Leía libros, se reunía, comentaba temas doctrinales; guardaba correspondencia, y libros manuscritos, sermones …
Confesó ante el tribunal inquisitorial la verdad de su “iglesia chiquita de Sevilla”, frente a la iglesia grande de fariseos que seguían las órdenes del papa.
Especial mención debe hacerse del librito donde ese nombre aparece (el diálogo de consuelo entre la iglesia chiquita de Sevilla y su propio Redentor Jesucristo) que Francisca tenía y con él consolaba a otros. ¡Una columna de la verdad en la iglesia que es columna de la verdad! Lectura, oración, testimonio, evangelización, integridad … firmeza en la cámara de tortura; ¡Cuánto que aprender de estas mujeres fidelísimas!
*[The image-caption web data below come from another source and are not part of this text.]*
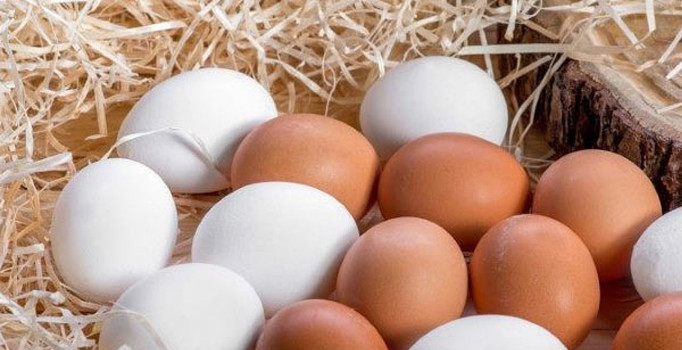 Yumurta fiyatından ne üretici ne de tüketici memnun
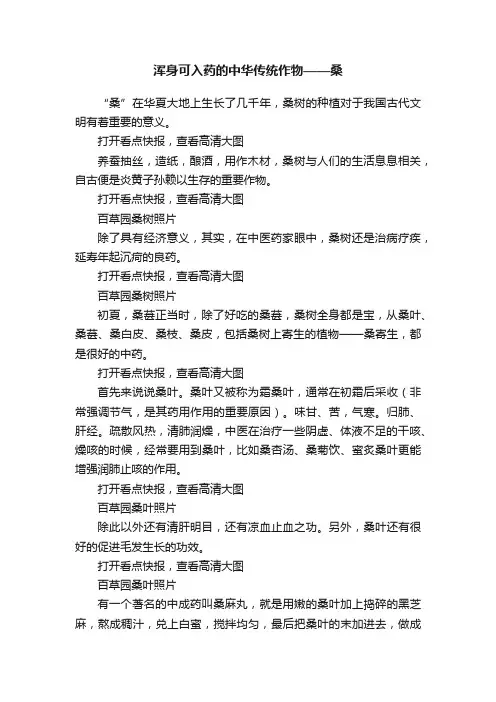 浑身可入药的中华传统作物——桑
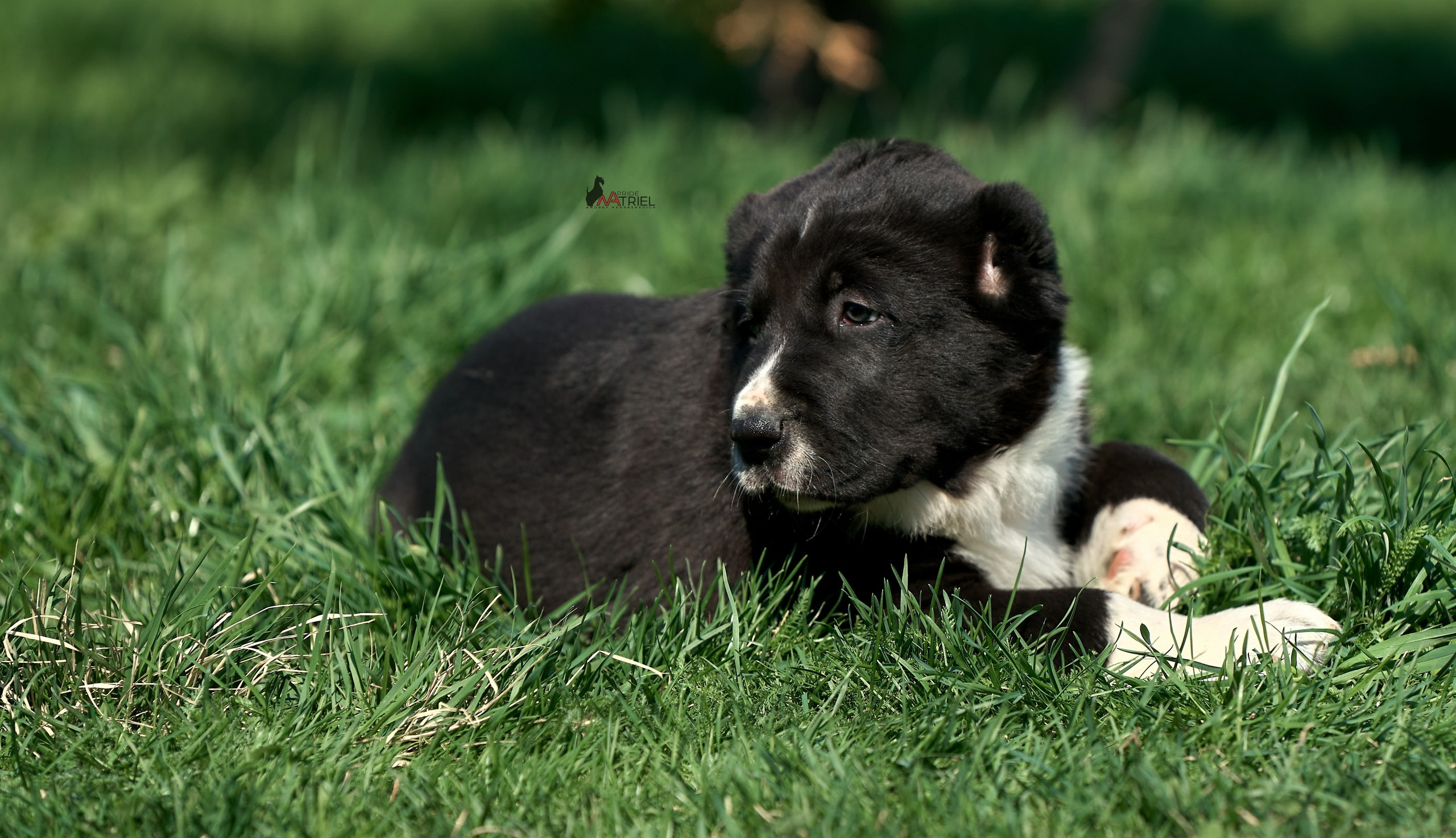 Среднеазиаты — щенки и взрослые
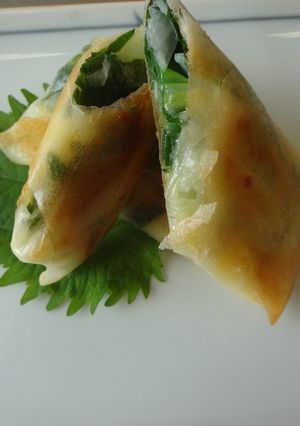 長ネギのチーズ入り春巻き-レシピのメイン写真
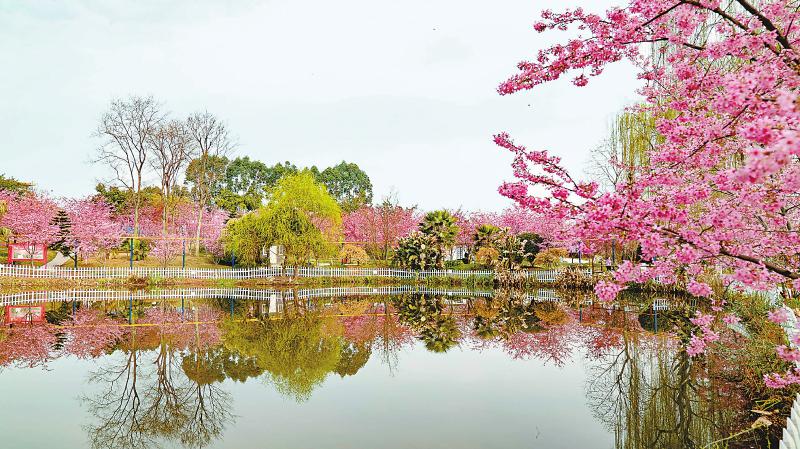 （转载）春暖花开日 赏花正当时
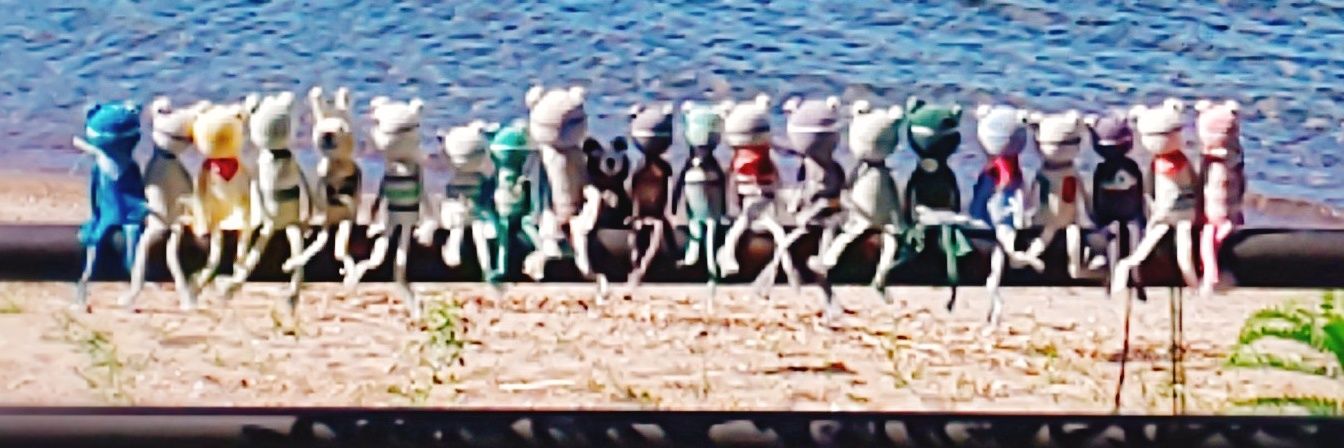 あり🐼🐼🐼🐼🥀𓈒𓂂𓇬CBR600F、メグロS1 banner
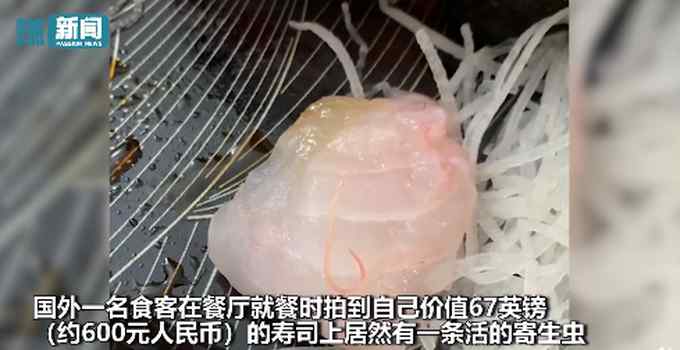 国外600元高价寿司吃出寄生虫！虫子清晰可见 在鱼肉中不停蠕动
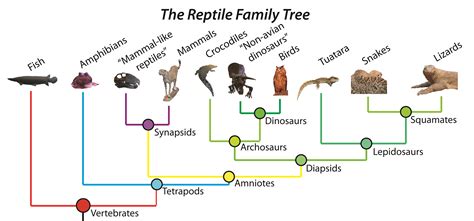 A cool guide on how reptiles are related to other vertebrates : r/coolguides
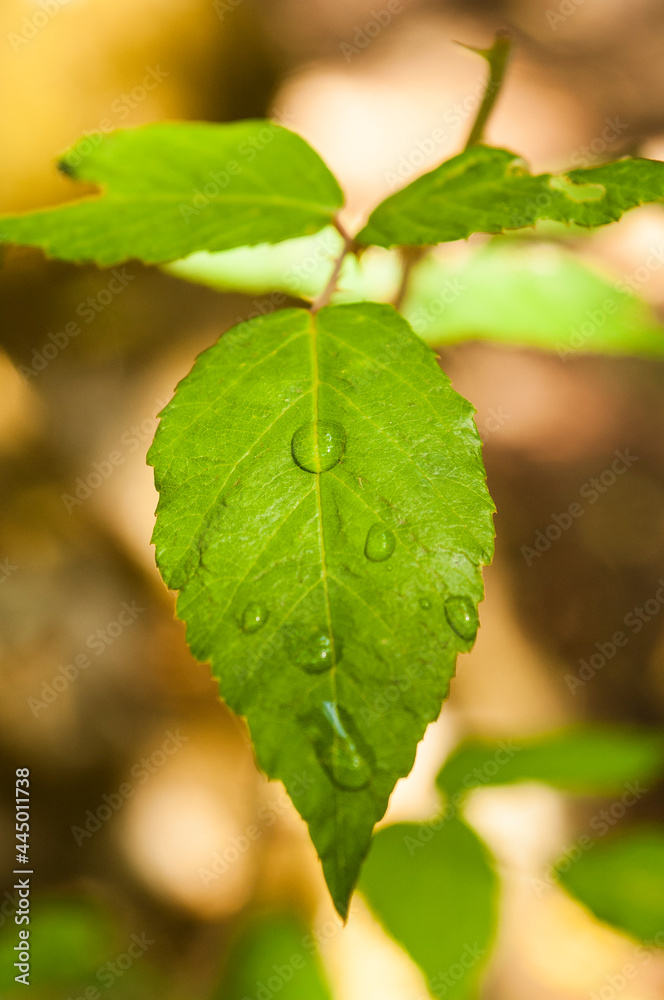 Drops of water on a leaf. Drops of water on a leaf.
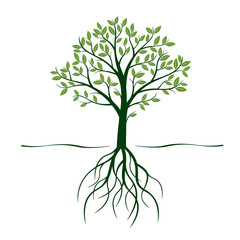 Green Tree with Roots and Leafs. Vector Illustration.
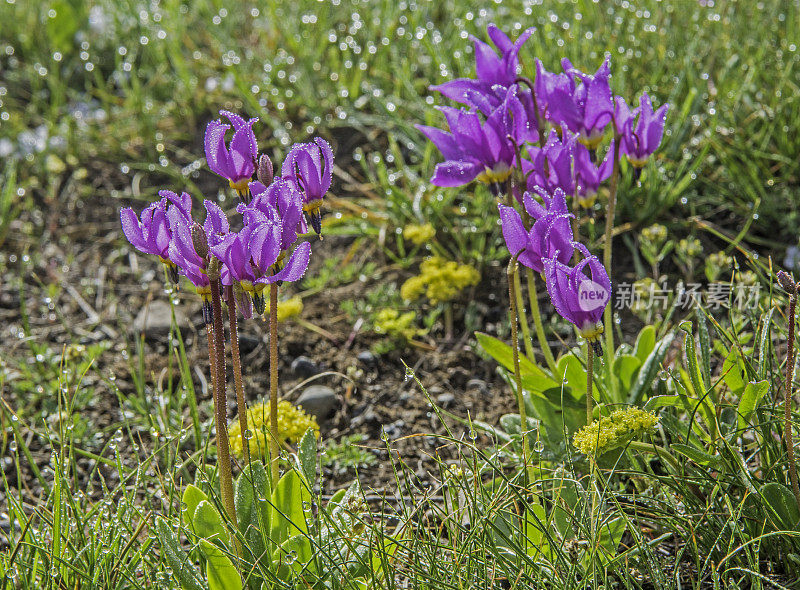 少花报春花(Primula pauciflora)或十二香报春花(Dodecatheon pulchellum)，俗称漂亮流星、少花流星、暗喉流星和草原流星。黄石国家公园，怀俄明州。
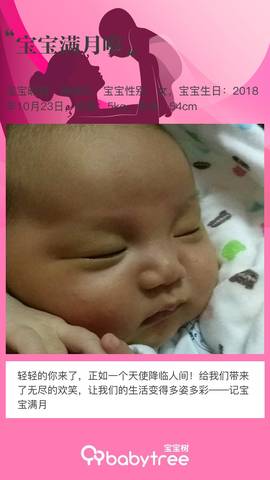 journal_insert_pic_1136594324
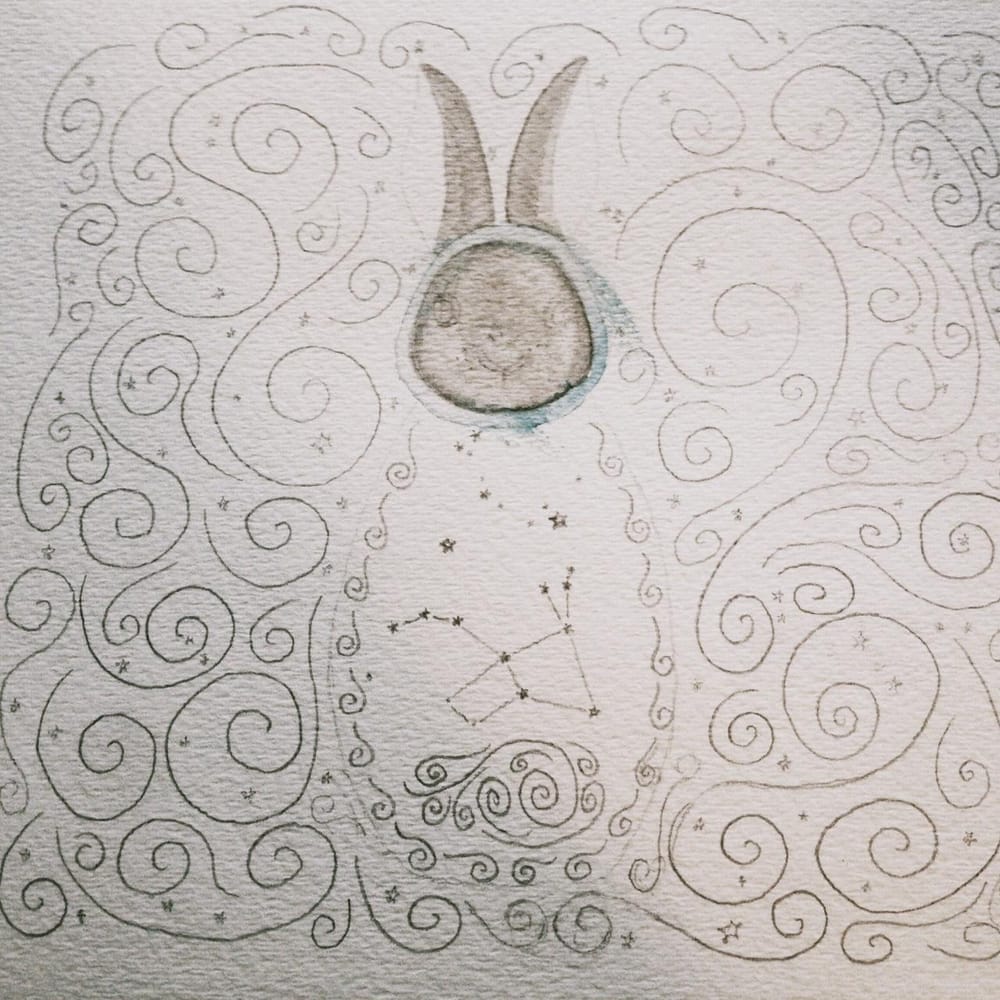 Nesting Bun - image 2 - student project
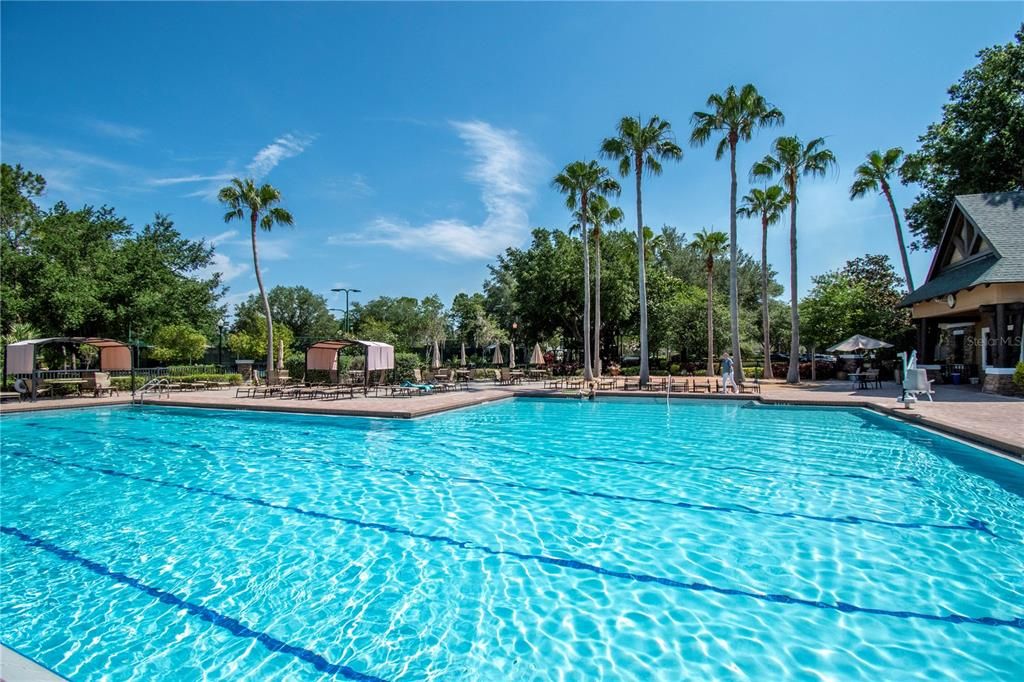 Lap Pool at Wilderness Lodge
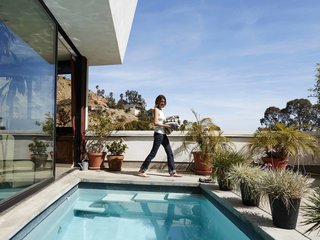 A Modern Los Angeles Airbnb Inspired by Hosting - Photo 6 of 7 - Their property features an abundance of local flora and fauna. "We have deer that come from Griffith Park through our garden," Judith says.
Una más de las condenadas por la Inquisición, y que con su condena el propio tribunal es por la eternidad condenado.
Ahora que ya tenéis, amigos, el gusto despertado por la historia de nuestra iglesia chiquita del XVI, quería insistir en la riqueza espiritual de esa reforma nuestra, con la presencia de la mujer como uno de sus pilares, y que nunca olvidemos que, además de peripecias personales, fueron parte de un cuerpo, una iglesia española.